New-look Lang embraces a rainbow of colours
If ever proof were needed that the world is about to become a more colourful place, it could be seen in Paris yesterday in the form of Helmut Lang's spring/summer 2004 collection. Lang is, after all, a designer for whom even navy at times seems racy. True, he has experimented with flashes of fluorescent flame and even pink before - although the latter mostly for men - but always against a black background or, at a push, embellishing white.
Next season, though, Lang devotees - and they are among the best-dressed fashion followers on the planet - can look forward to something rather more extreme than that. Mustard and purple; pea green and rust; plum and ultraviolet graced everything from little dresses to metallic cardigans worn as skirts. In Lang's hands even such violent colourways appeared suddenly to make sense of a trend for rainbow hues which has been seen all over the catwalks and which all too often looks dated.
The clothing was, as always, body-conscious but still forgiving. Lang has always used less conventional models of varying age and size alongside more well-known faces as if to prove that anyone can wear his clothes. It's a question of attitude. Layered vests and stretch minidresses, bright white narrow knee-length coats and drainpipe jeans all looked as modern as ever: these appear every season, subtly updated.
Soft bondage straps and peephole cut-outs - at the side of the breast, underneath the buttocks - added the requisite sexual charge for which Lang is famous. And despite the fact that he has been showing for more than 20 years, he continues to push forward and is a committed modernist. "Fashion has the incredible chance right now to respond to a new code," he said recently. "That is only possible when society is shifting. That means, actually, for a commercially difficult time, it is a really good moment for creativity and integrity."

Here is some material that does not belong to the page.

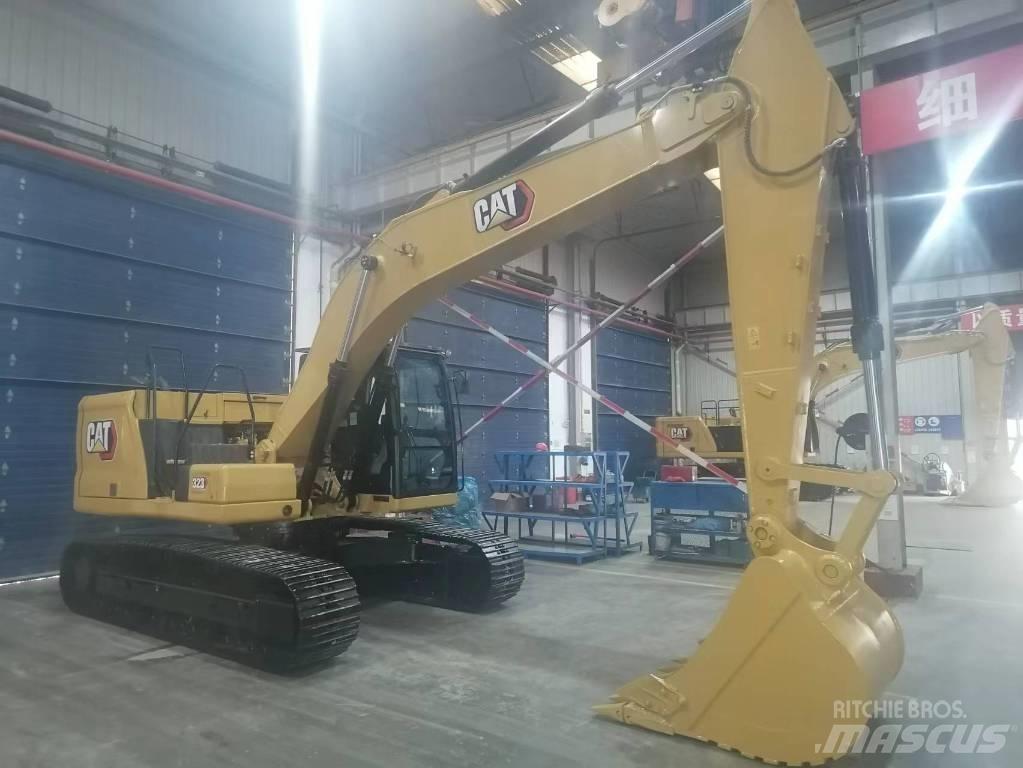 CAT 323 Escavadeiras de esteiras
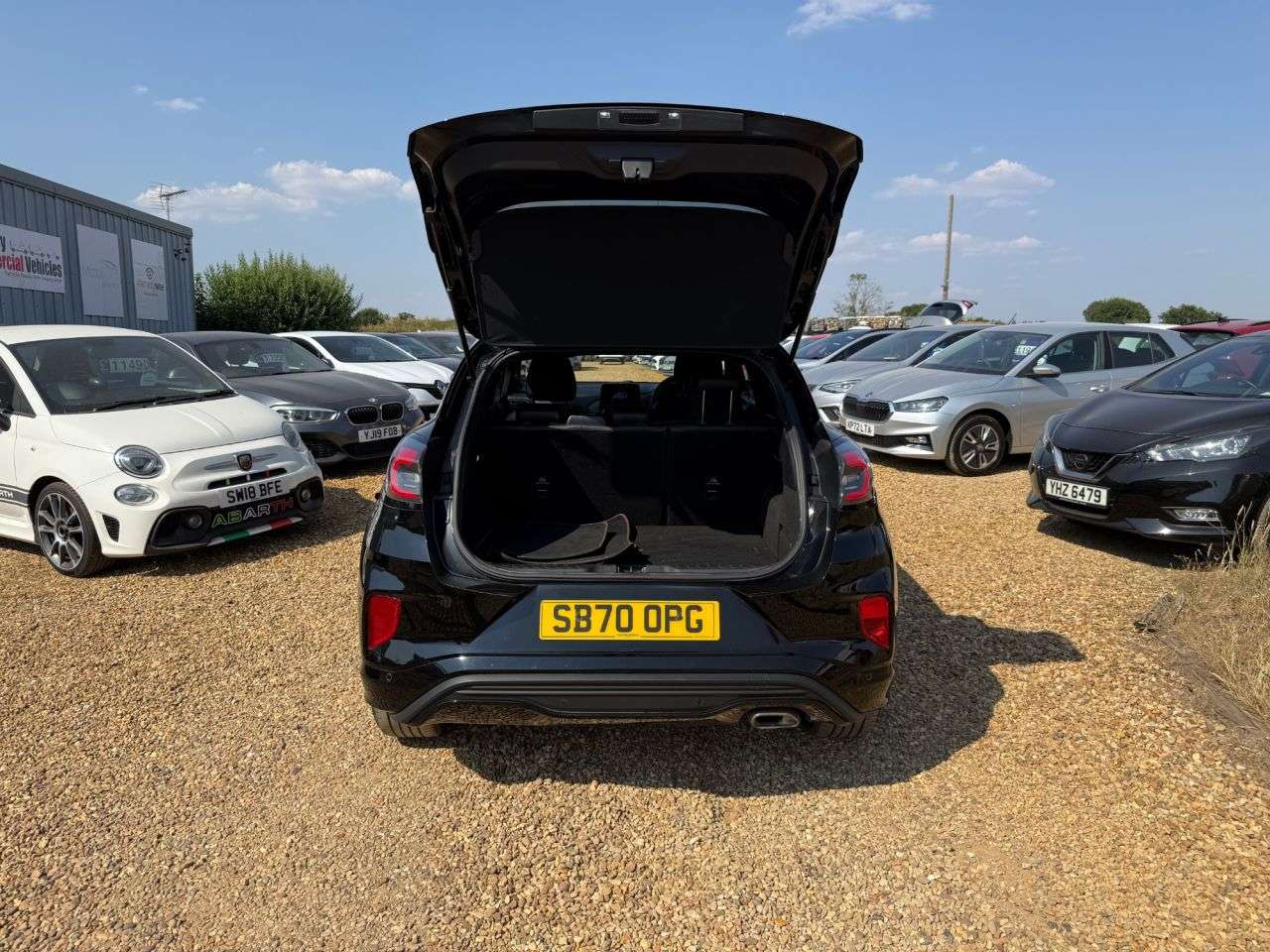 A 2020 FORD PUMA 1.0T EcoBoost MHEV ST-Line X SUV 5dr Petrol Manual Euro 6 (s/s) (125 ps) A 2020 FORD PUMA 1.0T EcoBoost MHEV ST-Line X SUV 5dr Petrol Manual Euro 6 (s/s) (125 ps)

Nothing quite so thought provoking was to be seen at Emanuel Ungaro. The two labels couldn't be more different, although here again colour was key. On a bright turquoise catwalk, models paraded in the brightest hues imaginable: fuchsia, lime, lilac and peach. True, these were not clothes that are going to take fashion anywhere it hasn't been before, but they did adhere to the house's history and will suit any Oscar nominee with an eye for a pretty frock down to the ground.